The Georgia Straight's Craig Takeuchi has a terrific new article called, More than physical: The impact of gay male body image on health, identity, and porn. Below is an excerpt:
[Vancouver, British Columbia] Athletic, fit, young, white, with six- or eight-pack abs. Did that catch your attention? It should, apparently, if you're gay. It's the description of what the most common image is of in visual media that target gay men, according to University of Toronto social work assistant professor David Brennan.

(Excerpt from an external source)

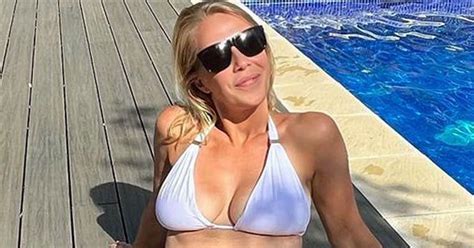 A Place in the Sun's Laura Hamilton stuns in white bikini as she cools ...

As the keynote speaker at the eight annual BC Gay Men's Health Summit at SFU Harbour Centre on November 1, Brennan questioned why these images are so consistently portrayed. Brennan's work focuses on health and wellbeing of marginalized queer men and men who have sex with men and he gave a comprehensive overview of research about gay and bisexual men and body image. He was particularly interested in looking at the connection between health and body image and if gay visual media portray images that exclude people.
Racial Identity
With the majority of North American media images being of Caucasian men, Brennan and his colleagues also took a look at the relationship between racial identity and body image. Brennan's research team conducted focus groups and an online survey with four communities: East/Southeast Asian, black/Caribbean/African, Hispanic/Latino/Brazilian, and South Asian. (He said these groups were chosen based on census numbers; aboriginal men were not included due to low population numbers and a lack of expertise on the research team for this group.) He cited several quotes from participants, including one that became a title in the report: "You never see yourself reflected anywhere".
The Power of Porn
Brennan cited a Canadian study, which looked at whether exposure to pornography impacted the body, sexual, and genital self-esteem of male college students. The study found that increased amounts of watching porn correlated with lowered self-esteem. "The more they watched porn, the more they felt less comfortable with their dick and less comfortable with the type of sex that they were having, and their capacity to have different types of sex." For many gay men, porn was also used as a source for sex education, such as learning sexual techniques.
Overall, Brennan emphasized that the desire to see sexy images or a fitness-orientation is not the problem. "I do not want to pathologize that gay men go to the gym, or workout, or eat well, or take care of themselves, or exercise. That's not the point at all. The issue is when it becomes such pressure that it impacts our health and mental health. That's when I'm concerned."